Yes, I know Einstein’s Relativity applies to everything. I know, for example, that NASCAR cars while racing are on the order of 50 quadrillionths of an inch shorter than the same cars at rest. But that’s my point: that contraction is about 1/80000th of the width of a single Hydrogen atom, and so makes no practical difference to the drivers, pit crews, mechanics, or the outcome of a race. If you’re placing a bet on a NASCAR race due to some relativistic equation you’ve solved, you’ve wasted your time.
Similarly, the odds that an evil supervillain will set off a nuke in Seattle unless I gouge out the eyes of all the puppies at my local animal shelter are extraordinarily small, and so nobody should think that blinding puppies might be a good thing. The “gray area” we’re talking about is so incredibly tiny, it may as well not exist. A person’s everyday moral calculus need not take such contrived and unlikely examples into account when deciding (for example) whether stealing a coworker’s lunch is acceptable workplace behavior.
I’m sure all this has been discussed to death among professional philosophers, but it was a surprise to me, this evening.

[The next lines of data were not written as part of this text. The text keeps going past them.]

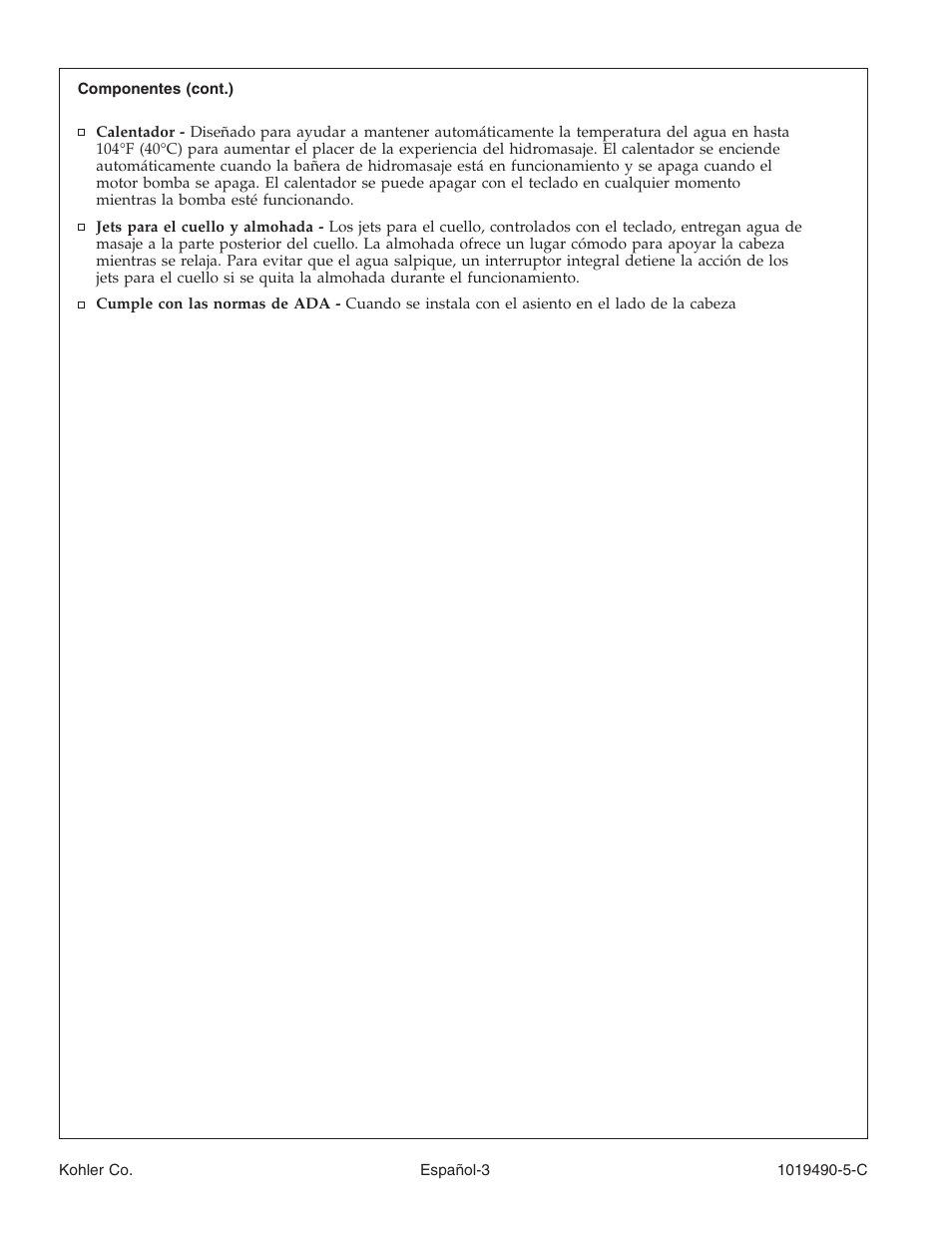 Kohler Bath Whirlpool K-812-N1 User Manual | Page 39 / 56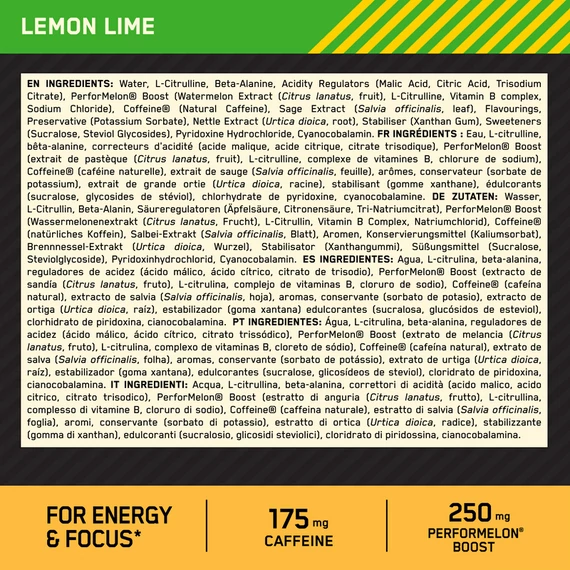 Optimum Nutrition Gold Standard Pre-Workout Shot 60ml Lemon Lime
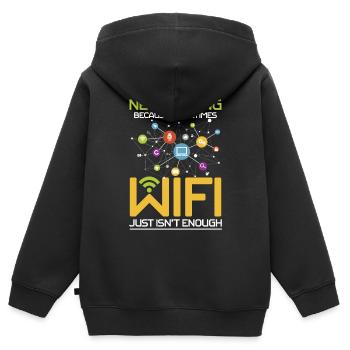 Networking Because Wi-Fi Just Isn't Enough - Kinder Premium Organic Zip Hoodie - Schwarz - Hinten - AI Model Kid Male (0cm)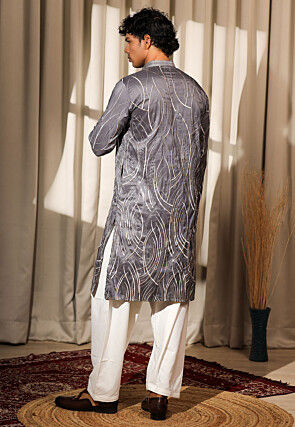 Embroidered Viscose Silk Kurta Set in Grey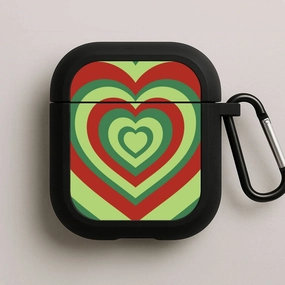 Dustproof Earbuds Holder Modern Handy Case Red And Green Trippy Heart Christmas Pattern AirPods Case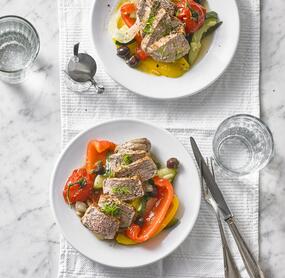 Kalbsfilet mit Antipasti-Gemüse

Oh, note that while I’ve spent a long time arguing against an objective morality, I’ve thought (contrary to many) that morality is certainly measurable, so long as you define what “good” is specifically. It’s been about what one’s goals are, and whether one’s actions move one closer to or away from those goals. So if your goals include blinding puppies, then threatening to nuke Seattle is “good,” because it will allow you to coerce people into helping you reach your goals.
What’s changed for me tonight is rather than agreeing with various people online that nothing can possibly say what goals are right or wrong, it’s obvious to me now that there are some goals that are just flat-out wrong, just like there are some scientific conclusions that are just flat-out wrong. Nobody comes up with their moral goals out of thin air, just like nobody reaches a scientific conclusion without some sort of reasoning. We can examine the steps a person takes to decide that X should be one of their goals (just like we can examine a logical argument to reach some conclusion) and say, “no, this step in your moral argument is completely fallacious, so you are wrong, period.”

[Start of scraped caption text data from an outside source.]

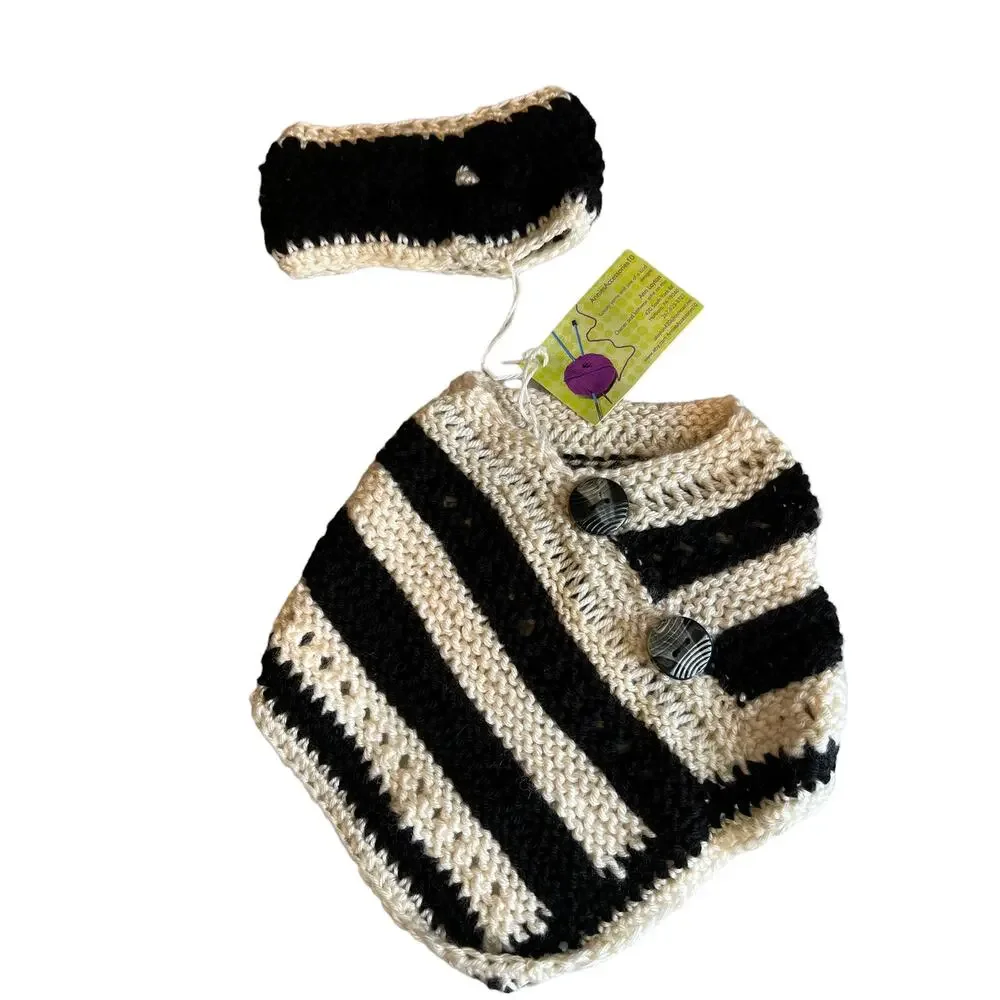 Boutique Hand Knit Baby girl sweater poncho and headband set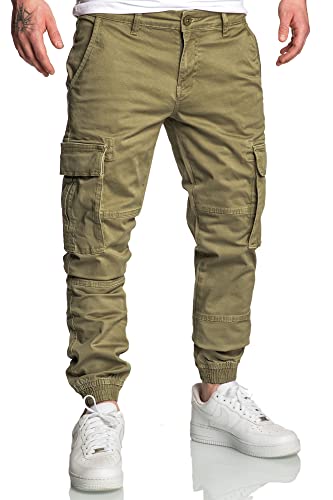 REPUBLIX Herren Jogger Cargo Chino Jeans Hose R7020 Olive W36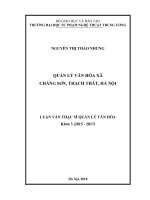 Quản lý văn hóa xã Chàng Sơn, Thạch Thất, Hà Nội (Luận văn thạc sĩ)
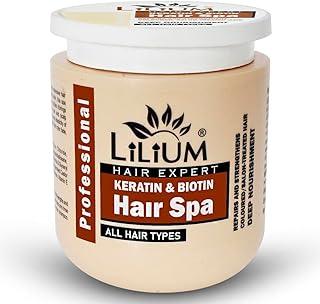 Lilium Professional Hair Spa Cream 800ml, Keratin & Biotin Treatment, Revitalize & Strengthen Your Colored Hair, Ideal For Dry, & Weakened Locks, Suitable For All Hair Types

I think I’ll continue being insufferably didactic ;-).
Freemage @5: I think you’re actually contradicting the realism of G Felis @4. The Pratchett passage is giving the position known as fictionalism: These things don’t really exist, but we all agree to pretend they do because we need them to function as the particular kind of social animal that we are.
Dave W @7: I think a realist needs to be able to give an account of what morals consist in, and I read you as saying that they consist in everyday human moral intuitions. Yes, it’s true that that’s adequate to navigate the social world 90% of the time, without needing to be able to solve every contrived permutation of the trolley problem or decide between consequentialism and virtue ethics. But intuitions vary widely among cultures, and even among individuals in the same culture (Haidt’s work shows that self-identified liberals, conservatives, and libertarians hold different intuitions as primary). Which ones are the “real” ones?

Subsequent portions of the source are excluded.